Of course, if Mr. Obama pulls the plug on his new government-insurance plan, and all the spending, taxing, borrowing, and regulating that goes along with it, the stock market will rally at least 500 points — at least. Investors understand that an Obama retreat on government-run health care will lead to stronger economic growth for America’s vibrant health-care industry — and small businesses in general.
With all this, why is Wall Street so shocked by the recent gold rally, with the yellow metal marching back toward $1,000 an ounce? The run into gold is a clear revolt against paper money and financial profligacy.
The Federal Reserve’s monetarist experiment to balloon the money supply will backfire with much higher future inflation unless the economy is capable of generating enough new investment and jobs to produce the goods to absorb all the new money. Indeed, this is a worldwide problem. Too much cash chasing too few goods.

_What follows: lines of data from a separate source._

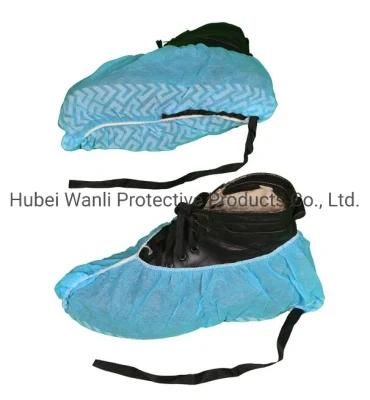 Non Woven Shoe Cover with Anti-Static Strip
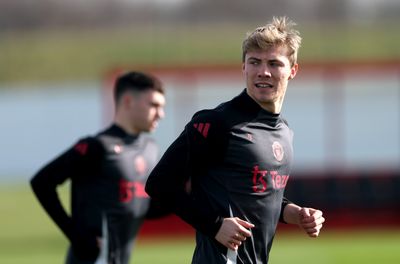 'I think obviously I’ve not been on top of my game as I wanted to. It’s not all about goals - I know I'm not the finished article, but I just want to keep going' Manchester United forward Rasmus Hojlund opens up on reason for recently-ended goal drought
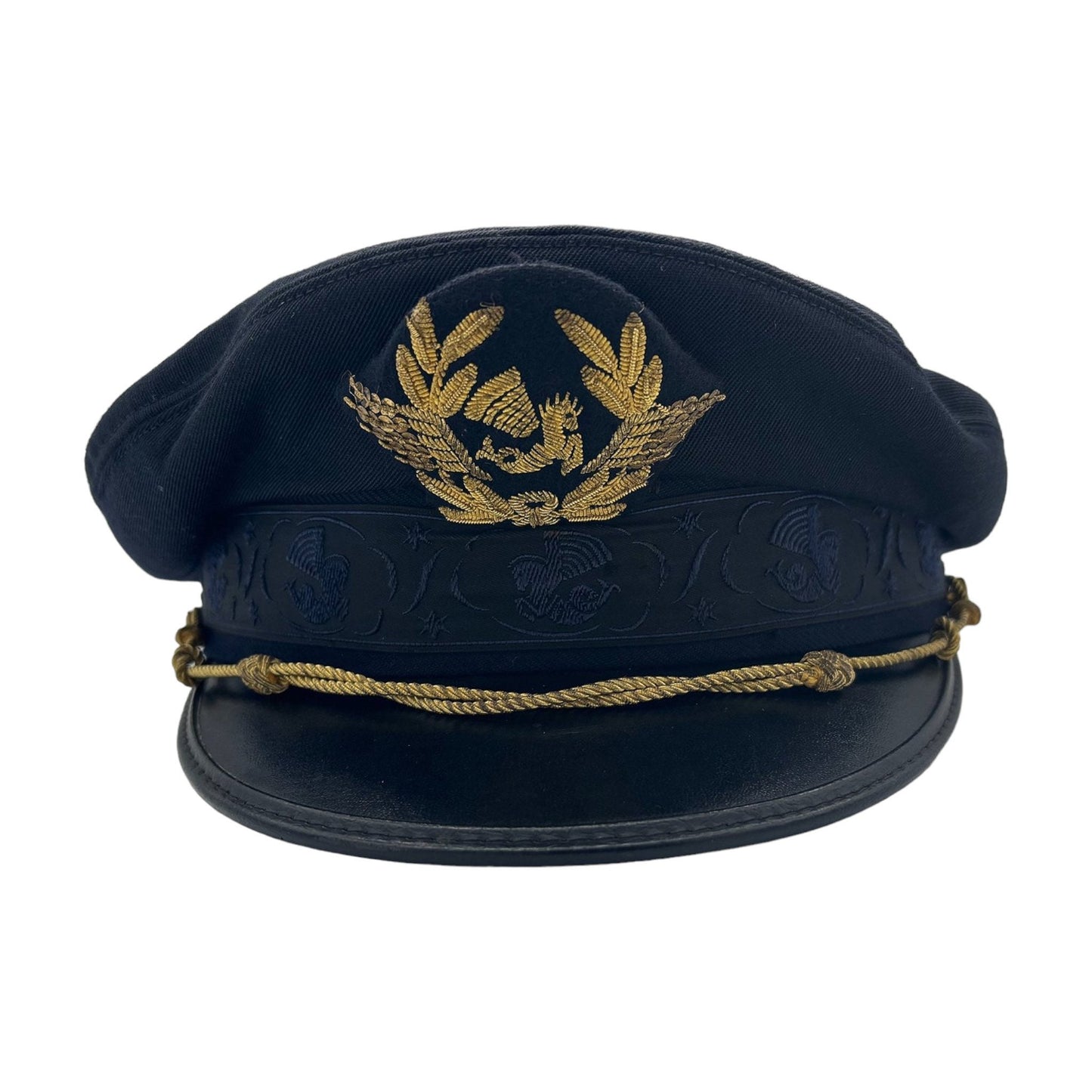 Concorde Air France Captain Cap Original Pilot Uniform Cap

The G-20 finance ministers are meeting in Pittsburgh this weekend, although nobody there has an exit strategy from the money explosion that has been aimed at solving the financial meltdown. None of the big countries have plans to reduce marginal tax rates to promote economic-growth incentives. There is no golden anchor of currency value, and no exit strategy from the potential inflation effects of the new-world monetarism.
The bottom line is that governments today have no financial discipline. And while growth will reappear, it may be a meager sort, with incipient inflation pressures plaguing the new recovery.